REQUIREMENT |
Repeat every record word for word and omit the images.

::: DATASET EXCERPTS :::

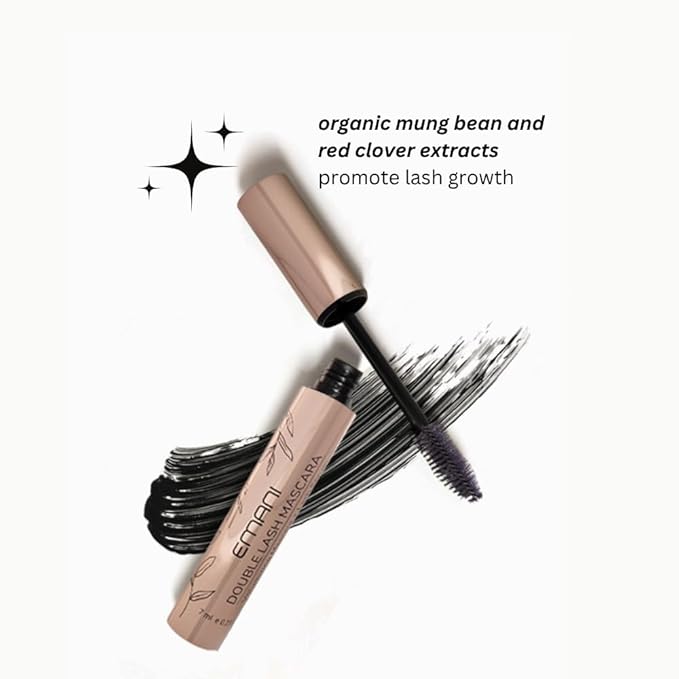 Emani Double Lash Mascara, Black, 3X Volume, Length & Lift, Hypoallergenic for Sensitive Eyes, Vegan & Cruelty-Free, Granite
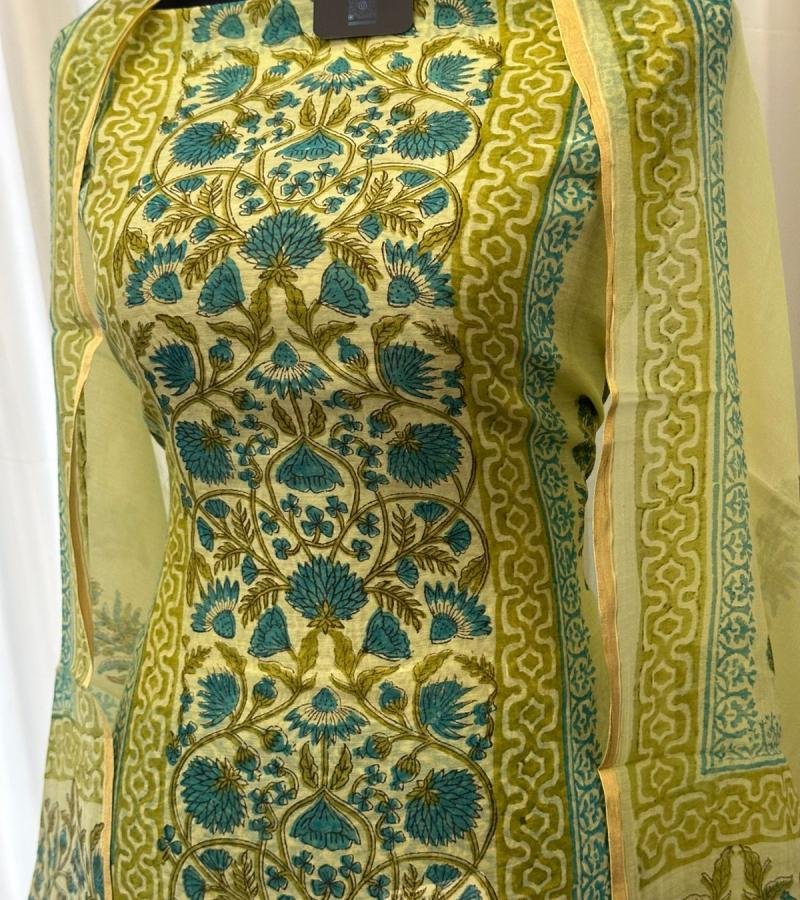 Lime Teal Silk Chanderi Grace - Ruby Red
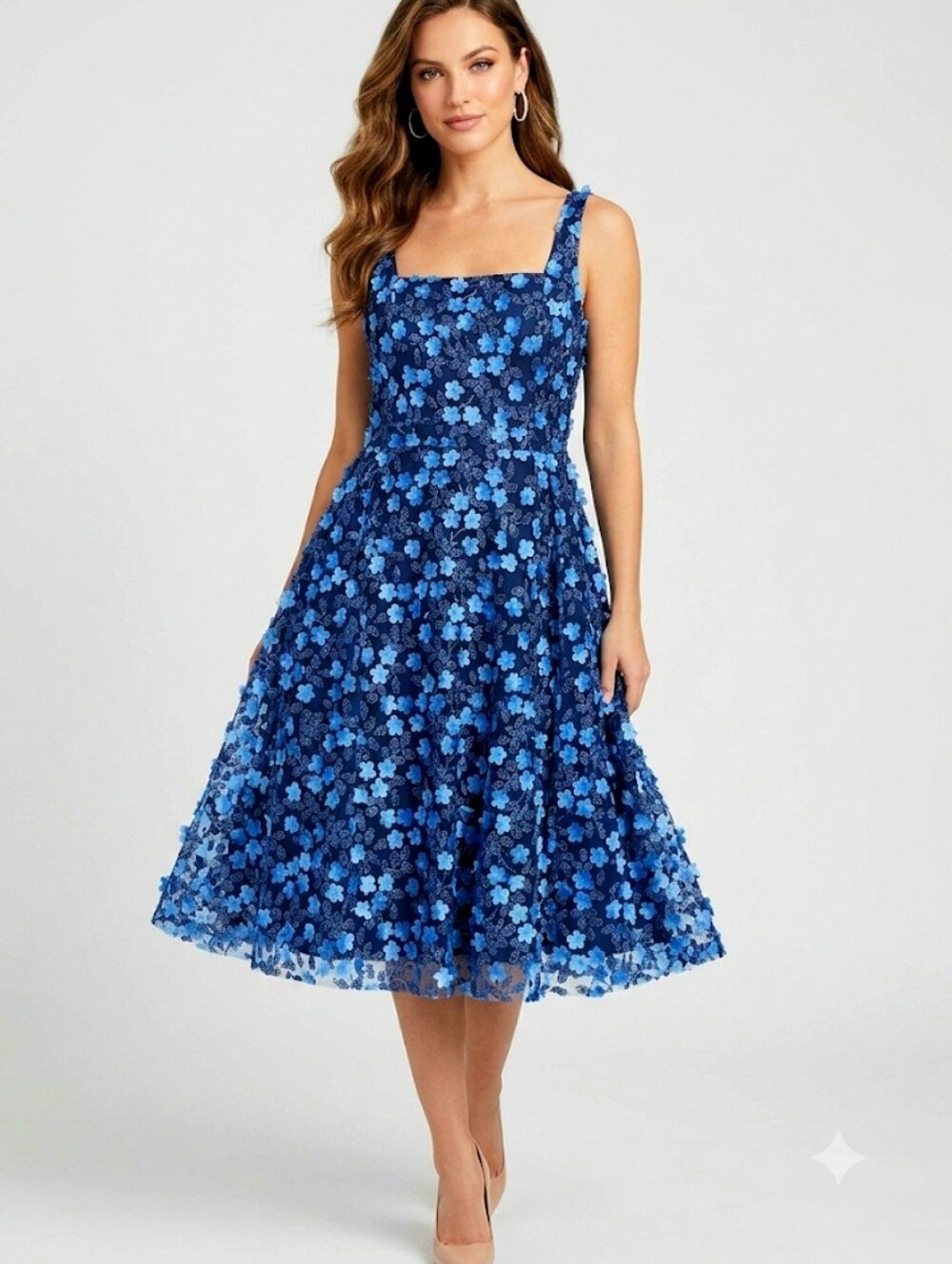 Xscape Blue 3D Floral Applique Square-Neck Fit & Flare Midi Dress Size 16 - Picture 3 of 11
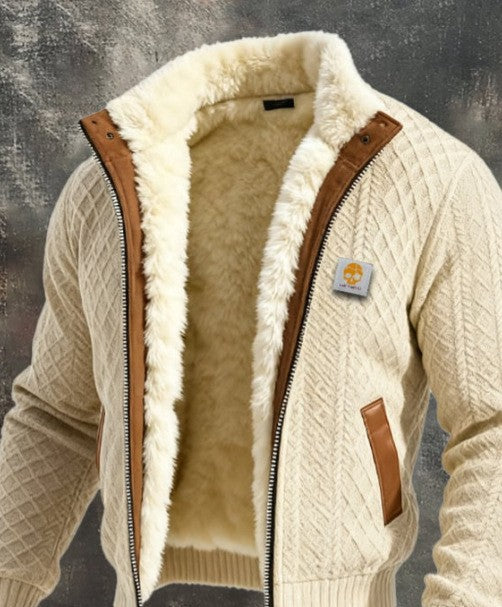 Men's Fleece Lined Hooded Zip Up Jacket Windproof Warm Winter Coat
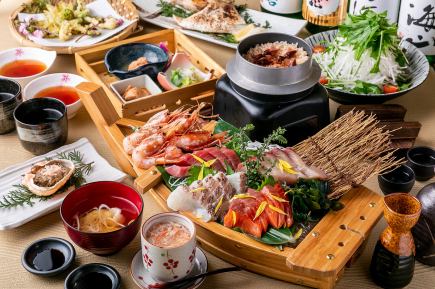 【大満足宴会】３H飲み放題付,豪華鮮魚4種盛+季節野菜　天婦羅,かに釜飯し等11品⇒6500円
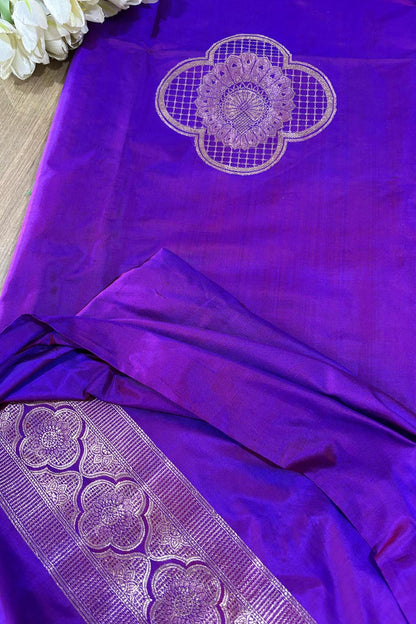 Exquisite Purple Handloom Banarasi Pure Katan Silk Cordset - Luxurion World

:::

TASK ANSWER |
 Emani Double Lash Mascara, Black, 3X Volume, Length & Lift, Hypoallergenic for Sensitive Eyes, Vegan & Cruelty-Free, Granite
 Lime Teal Silk Chanderi Grace - Ruby Red
 Xscape Blue 3D Floral Applique Square-Neck Fit & Flare Midi Dress Size 16 - Picture 3 of 11
 Men's Fleece Lined Hooded Zip Up Jacket Windproof Warm Winter Coat
 【大満足宴会】３H飲み放題付,豪華鮮魚4種盛+季節野菜　天婦羅,かに釜飯し等11品⇒6500円
 Exquisite Purple Handloom Banarasi Pure Katan Silk Cordset - Luxurion World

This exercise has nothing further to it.